It is perfectly legal for a SWAT Team to stick their noses into every nook and cranny of the property occupied by the suspect named on a search warrant. But a recent ruling by the Iowa Supreme Court has determined that these officers cannot just automatically go through the personal possessions of the home owner’s visitors in search of illegal drugs. Therefore, it’s apropos that an Iowa court drops the marijuana conviction of a meth smoker.
The state’s highest court recently decided that it was unlawful for power-hungry cops to kick down the doors of a potential drug house and rip apart the personal belongings of anyone not listed on the first page of the official search warrant.

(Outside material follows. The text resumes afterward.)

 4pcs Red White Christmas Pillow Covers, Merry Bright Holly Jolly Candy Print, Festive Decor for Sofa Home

Don’t Anybody Move, and Other Cop Clichés
The verdict stems from a case that began back in 2015 when a SWAT Team showed up at a house in Des Moines, Iowa in hopes of making a huge narcotics bust. When the cops busted down the door, waving fully automatic weapons at everything with hair and moving appendages, they discovered several people inside, just minding their own business, getting ripped on a variety of what the government considers “controlled substances.”

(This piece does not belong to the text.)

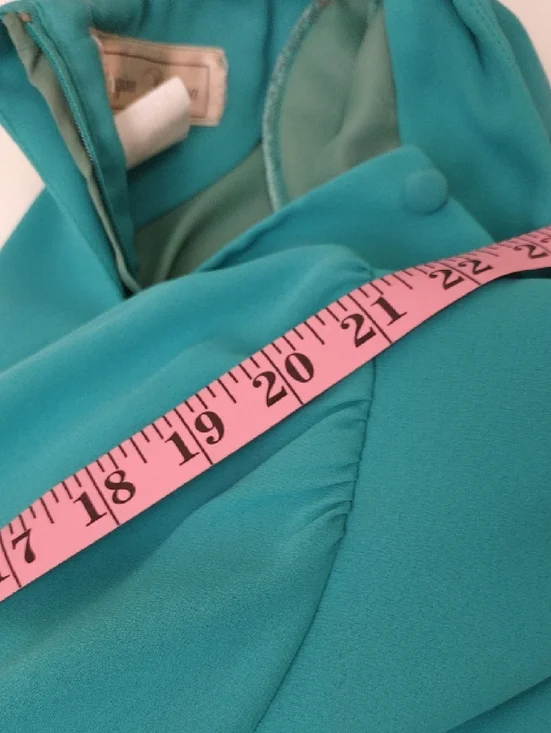 Regina Bianca Vintage 80s Teal Formal Gown Pearl Beaded Cuffs Size 14 - Picture 10 of 12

One of these high times hooligans was a thirty-something-year-old woman by the name of Danielle Brown. She was reportedly in the back bedroom with four other dope enthusiasts smoking methamphetamine when 10 officers stormed in with all guns blazing, probably screaming something like, “Don’t anybody fucking move,” or some other cliché.
As one might imagine, the situation got a little hairy.

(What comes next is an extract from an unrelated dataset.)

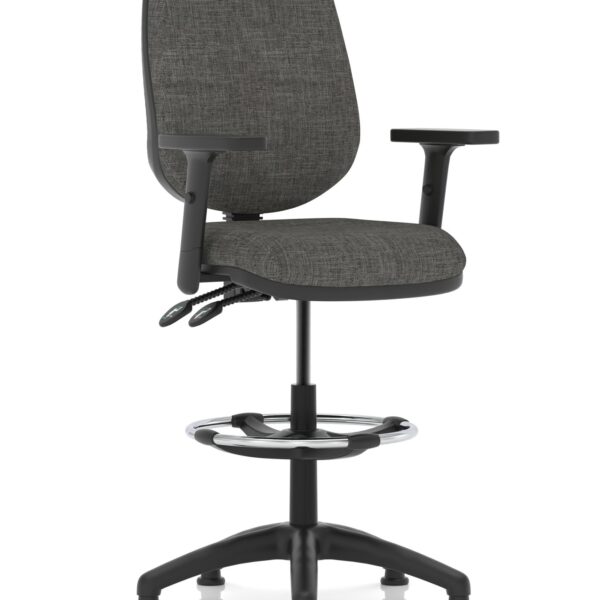 Eclipse Plus II Chair Charcoal Adjustable Arms Hi Rise Kit KC0260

Cops Will Do Anything to Make an Arrest
Once the officers rounded up the suspected drug offenders, they began searching all of their personal belongings, doing whatever they could to sink as many people as possible during the bust. Inside Brown’s purse, the cops found a bag of marijuana. In addition to charging her with possession of meth paraphernalia, they also slapped Brown with a misdemeanor for the sack of weed.
By all accounts, Brown was up shit creek without a paddle. It seemed the cops were hell-bent and determined to bury her as far underneath the prison as legally possible.
But was the search unconstitutional?
Although Brown’s legal counsel argued the search was bogus, the judge didn’t see it that way. The original charge of possession of meth paraphernalia was eventually dropped from the case altogether, but prosecutors were simply not able to let go of the fact that a bunch of gold old boys with badges found a personal stash of marijuana in somebody’s purse.
Brown was ultimately convicted of her pot crimes in 2016. She spent 90-days in jail and had her driver’s licensed suspended for six months.
Understanding the implications of having even a minor drug blemish on her permanent record, Brown decided to challenge the marijuana conviction in the state’s Supreme Court.
The Supreme Court Has Spoken
To the majority of the justices on the panel, Brown’s situation was a cut and dry case of the police officers taking liberties with the law. The ruling, which was handed down earlier this week, states “that when an individual is not named in a search warrant as a party for whom there is probable cause to search, the search of that individual or his possessions is invalid.”
The verdict also concluded that regardless of whether a third party has a relationship with the person listed on the warrant, there is an expectation of privacy at play. This means that cops cannot simply tear into the personal belongings of innocent bystanders, just because they happened to be in the home at the time the cavalry rode in.
It just doesn’t work that way, the justices said. Since 1902, “personal rights enriched in the Iowa Constitution ‘should be applied in a broad and liberal spirit,’” reads the verdict.
The ruling was not unanimous. Justice Thomas Waterman argued that the court failed to take into consideration that Brown “was not an innocent passerby in the wrong place at the wrong time,” and that she was inside the home smoking methamphetamine at the time of the bust. He said “ample authority and common sense support the validity of this search,” and he worries that the outcome of this case will give drug dealers a method for evading prosecution if and when they are ever accosted by the boys in blue.
“Will the police then need to obtain a second warrant to search a purse found on the floor in a house they already had a warrant to search?” Justice Waterman asked in a dissenting opinion.
Final Hit: Court Drops The Marijuana Conviction of a Meth Smoker
The Supreme Court ruling immediately overturns Brown’s conviction for possession of marijuana. However, it only applied to the state of Iowa. So, if you happen to get caught up in a raid and try to escape jail by invoking a little constitutional voodoo and hiding your stash in your neighbor’s purse—you might not get out of the situation unscathed.
But, as we have learned from cases, such as this one involving Danielle Brown, it is important that drug users continue challenging the actions of law enforcement. This is really the only way to hold the police accountable for the tomfoolery they often pull out in the field.